“Legislators are expected to have the details worked out by the time they arrive for the special session at the Capitol,” Abbott said.
The Democrats left the Chamber at around 10:45 p.m., CT, allowing Republican Speaker Dade Phelan to prevent the House of Representatives from having the 100 members required for a quorum and adjourn the House for the night.
Republicans in Texas had sought to join Florida, Georgia, and other GOP-controlled states that have picked up former President Donald Trump’s lies about the 2020 election and introduced new restrictions that will make it difficult for some of their residents to vote.
It is not yet clear when Abbott will convene the special session. It is also unclear whether Republicans will attend the special session to approve SB 7 as it is now being worked out, or whether they will make further changes.
A source tells CNN that Rep. Chris Turner, chairman of the House of Representatives Democratic House of Representatives, sent a text message to all of its members at 10:35 p.m. local time that read, “Take your key and leave the Chamber discreetly. Don’t go to the gallery. Get out of the building. “
The Democrats’ decision to leave the House of Commons and block passage of the bill came after hours of controversial debate – including Republicans who refused to take Democratic questions about the bill’s impact.
“We used all of the tools in our tool kit to fight this law, and tonight we brought the last one out,” said Rep. Nicole Collier, Chair of the Texas Legislative Black Caucus, during a midnight press conference at an East church Austin. “We will no longer stand and let them take measures that deprive our voters of the right to vote.”

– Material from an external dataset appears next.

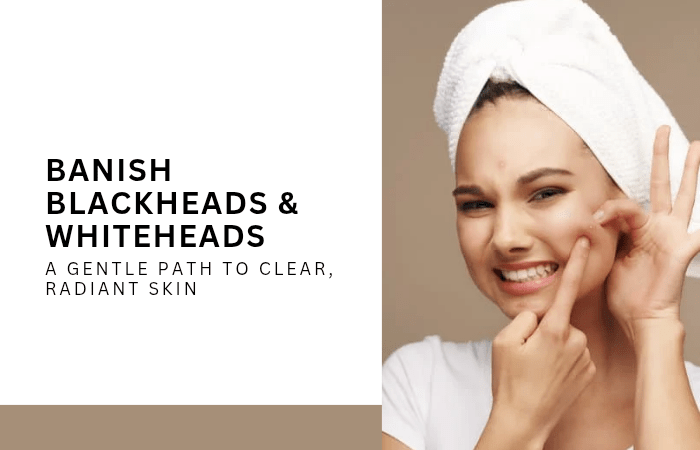 Banish Blackheads & Whiteheads: A Gentle Path to Clear, Radiant Skin - Lotshop.pk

Collier compared SB 7 to poll taxes and other laws that have historically made it harder for blacks and Latinos to vote.
“There is no widespread voter fraud. In order for them to mislead all of Texas into believing that there is a problem, we will call them to do it,” said Collier. “We may have won the war tonight, but the fight isn’t over yet.”
MP Trey Martinez Fischer criticized Abbott for failing to convene special sessions in the past over Hurricane Harvey, mass shootings in the state, or the coronavirus pandemic, and said the governor’s willingness to call one to impose new election restrictions, concern only his own political ambitions.
“We will not participate in our own downfall,” said Martinez Fischer. “You may have the votes on the floor, but we’re all equal in federal court.”
Immediately after the Democrats broke the House quorum on Sunday night, progressive groups celebrated the victory – even if it was temporary.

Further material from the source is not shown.